#### About this task
Output the entries that follow, word for word.

——————

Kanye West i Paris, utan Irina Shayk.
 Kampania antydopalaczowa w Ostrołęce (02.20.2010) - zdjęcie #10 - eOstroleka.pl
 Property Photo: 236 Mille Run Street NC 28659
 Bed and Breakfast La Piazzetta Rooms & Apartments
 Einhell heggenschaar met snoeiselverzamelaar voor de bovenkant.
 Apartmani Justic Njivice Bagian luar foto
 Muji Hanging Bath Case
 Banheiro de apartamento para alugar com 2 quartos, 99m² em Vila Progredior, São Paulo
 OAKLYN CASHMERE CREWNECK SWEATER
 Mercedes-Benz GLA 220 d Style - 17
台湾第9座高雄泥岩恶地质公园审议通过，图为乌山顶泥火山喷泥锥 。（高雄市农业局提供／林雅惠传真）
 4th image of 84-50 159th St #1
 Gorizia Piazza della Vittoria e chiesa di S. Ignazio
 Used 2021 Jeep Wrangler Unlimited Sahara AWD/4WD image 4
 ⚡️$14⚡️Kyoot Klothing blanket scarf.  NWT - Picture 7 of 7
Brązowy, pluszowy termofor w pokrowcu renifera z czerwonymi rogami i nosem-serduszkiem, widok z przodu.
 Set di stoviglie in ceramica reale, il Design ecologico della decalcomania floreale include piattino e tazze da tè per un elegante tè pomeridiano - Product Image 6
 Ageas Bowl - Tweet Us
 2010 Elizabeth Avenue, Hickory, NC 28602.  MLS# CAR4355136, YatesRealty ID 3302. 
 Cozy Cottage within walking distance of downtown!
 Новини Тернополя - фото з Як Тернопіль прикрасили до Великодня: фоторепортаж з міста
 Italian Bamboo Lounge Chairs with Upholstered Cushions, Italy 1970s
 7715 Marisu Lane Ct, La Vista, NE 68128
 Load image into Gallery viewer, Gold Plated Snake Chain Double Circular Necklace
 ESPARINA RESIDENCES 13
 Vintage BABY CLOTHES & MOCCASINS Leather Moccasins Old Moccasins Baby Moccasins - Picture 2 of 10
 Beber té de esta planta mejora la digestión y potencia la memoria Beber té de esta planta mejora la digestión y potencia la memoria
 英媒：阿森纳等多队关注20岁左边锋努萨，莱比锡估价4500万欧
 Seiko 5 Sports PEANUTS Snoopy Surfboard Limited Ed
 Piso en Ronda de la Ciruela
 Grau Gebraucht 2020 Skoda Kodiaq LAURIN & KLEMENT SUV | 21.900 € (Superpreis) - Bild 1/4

——————

#### Task result
Kanye West i Paris, utan Irina Shayk.
 Kampania antydopalaczowa w Ostrołęce (02.20.2010) - zdjęcie #10 - eOstroleka.pl
 Property Photo: 236 Mille Run Street NC 28659
 Bed and Breakfast La Piazzetta Rooms & Apartments
 Einhell heggenschaar met snoeiselverzamelaar voor de bovenkant.
 Apartmani Justic Njivice Bagian luar foto
 Muji Hanging Bath Case
 Banheiro de apartamento para alugar com 2 quartos, 99m² em Vila Progredior, São Paulo
 OAKLYN CASHMERE CREWNECK SWEATER
 Mercedes-Benz GLA 220 d Style - 17
台湾第9座高雄泥岩恶地质公园审议通过，图为乌山顶泥火山喷泥锥 。（高雄市农业局提供／林雅惠传真）
 4th image of 84-50 159th St #1
 Gorizia Piazza della Vittoria e chiesa di S. Ignazio
 Used 2021 Jeep Wrangler Unlimited Sahara AWD/4WD image 4
 ⚡️$14⚡️Kyoot Klothing blanket scarf.  NWT - Picture 7 of 7
Brązowy, pluszowy termofor w pokrowcu renifera z czerwonymi rogami i nosem-serduszkiem, widok z przodu.
 Set di stoviglie in ceramica reale, il Design ecologico della decalcomania floreale include piattino e tazze da tè per un elegante tè pomeridiano - Product Image 6
 Ageas Bowl - Tweet Us
 2010 Elizabeth Avenue, Hickory, NC 28602.  MLS# CAR4355136, YatesRealty ID 3302. 
 Cozy Cottage within walking distance of downtown!
 Новини Тернополя - фото з Як Тернопіль прикрасили до Великодня: фоторепортаж з міста
 Italian Bamboo Lounge Chairs with Upholstered Cushions, Italy 1970s
 7715 Marisu Lane Ct, La Vista, NE 68128
 Load image into Gallery viewer, Gold Plated Snake Chain Double Circular Necklace
 ESPARINA RESIDENCES 13
 Vintage BABY CLOTHES & MOCCASINS Leather Moccasins Old Moccasins Baby Moccasins - Picture 2 of 10
 Beber té de esta planta mejora la digestión y potencia la memoria Beber té de esta planta mejora la digestión y potencia la memoria
 英媒：阿森纳等多队关注20岁左边锋努萨，莱比锡估价4500万欧
 Seiko 5 Sports PEANUTS Snoopy Surfboard Limited Ed
 Piso en Ronda de la Ciruela
 Grau Gebraucht 2020 Skoda Kodiaq LAURIN & KLEMENT SUV | 21.900 € (Superpreis) - Bild 1/4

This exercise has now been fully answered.